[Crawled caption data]
Content starts

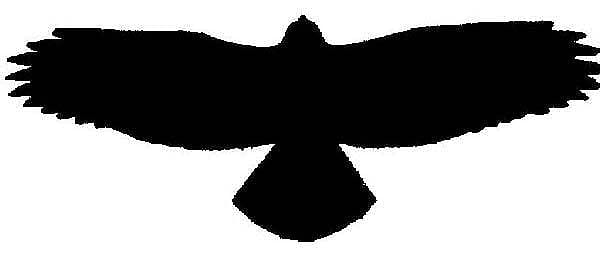 Buteo Silhouette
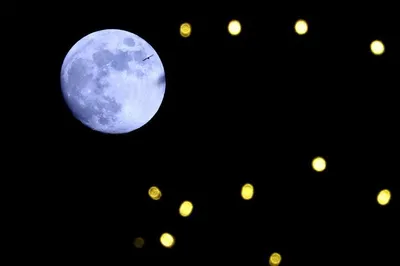 چراغانی کریسمس در آستانه سال نو میلادی در آلبانی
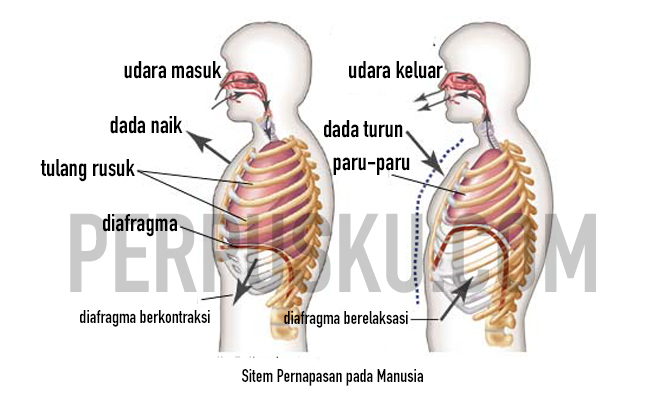 Sistem Pernapasan pada Manusia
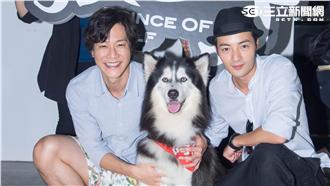 超萌！15隻哈士奇壯觀挺《狼王子》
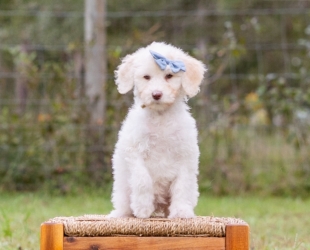 Nila Wafter-Female-$2800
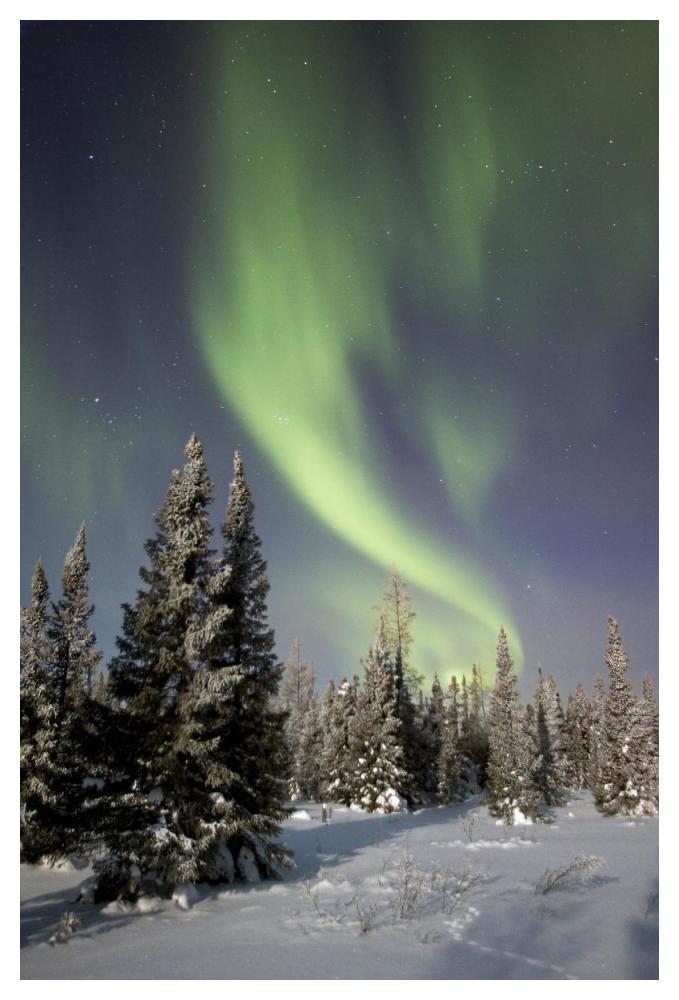 Northern Lights Over Boreal Forest, North America-Paper Art-34X50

Content ends

(Task statement): Leaving every picture out, output the data exactly as it stands.

(Exercise solution):
 Buteo Silhouette
 چراغانی کریسمس در آستانه سال نو میلادی در آلبانی
 Sistem Pernapasan pada Manusia
 超萌！15隻哈士奇壯觀挺《狼王子》
 Nila Wafter-Female-$2800
 Northern Lights Over Boreal Forest, North America-Paper Art-34X50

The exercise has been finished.